**What to do:** Among the entries below, the lines from the one with "Euskadi Turismo Affiche" up to and including the one with "Ford Bronco 2024 — миниатюра 2" are to be restated exactly, without pictures.

**Supplied data:**

# # # # # # #

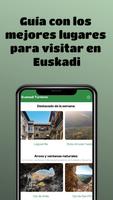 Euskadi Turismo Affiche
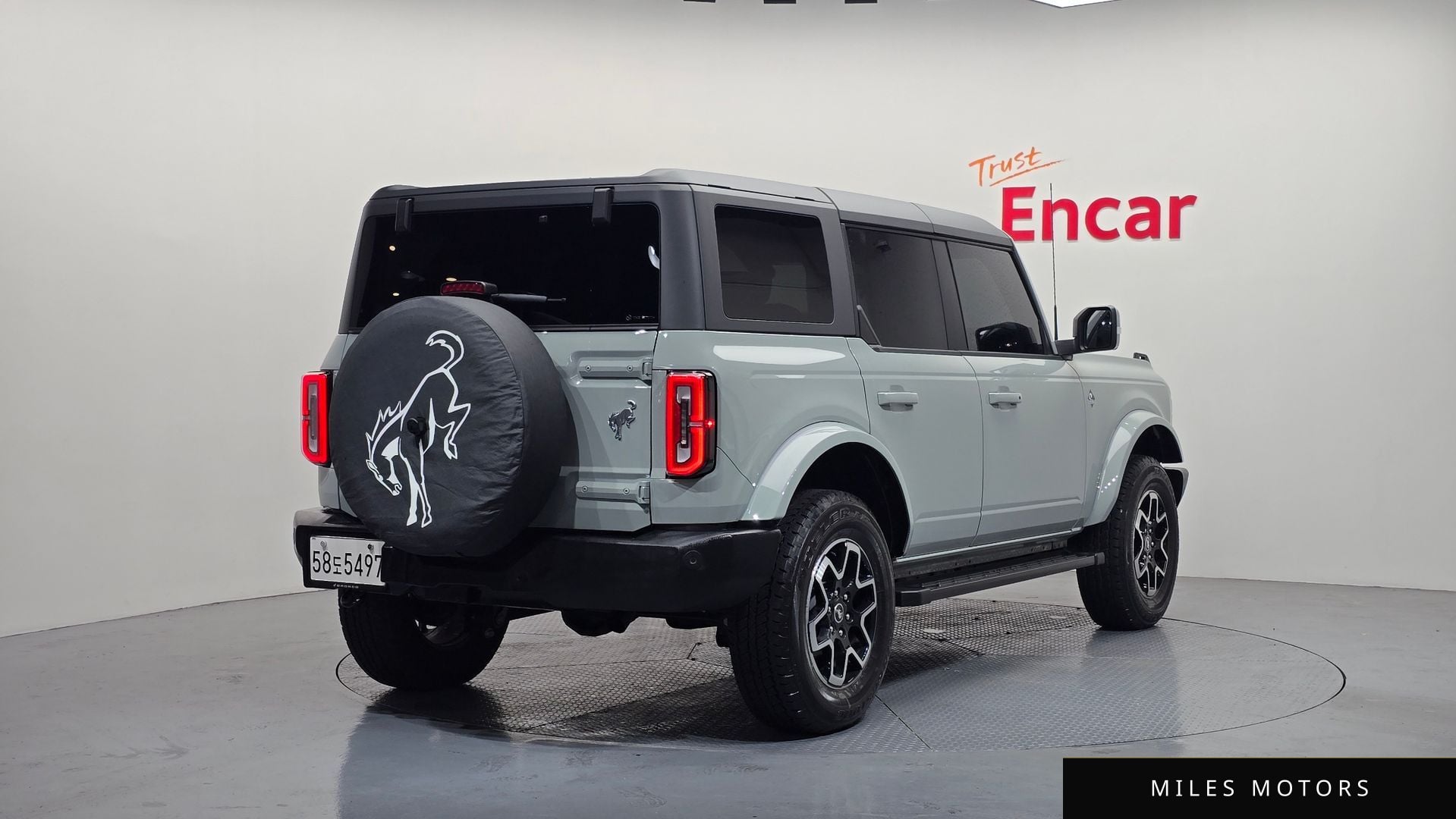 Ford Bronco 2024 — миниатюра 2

# # # # # # #

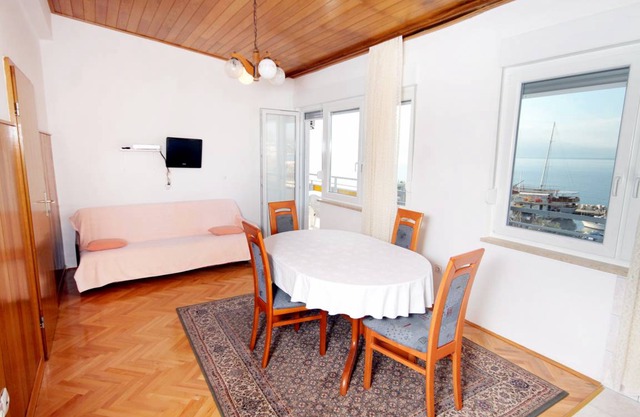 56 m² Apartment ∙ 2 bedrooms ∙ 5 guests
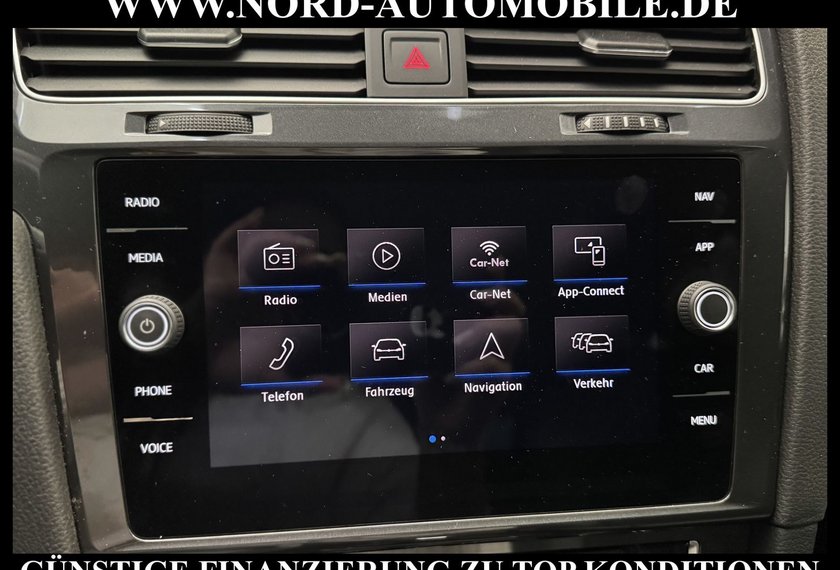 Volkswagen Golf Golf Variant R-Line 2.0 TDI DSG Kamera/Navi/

# # # # # # #

**Answer space:**
 Euskadi Turismo Affiche
 Ford Bronco 2024 — миниатюра 2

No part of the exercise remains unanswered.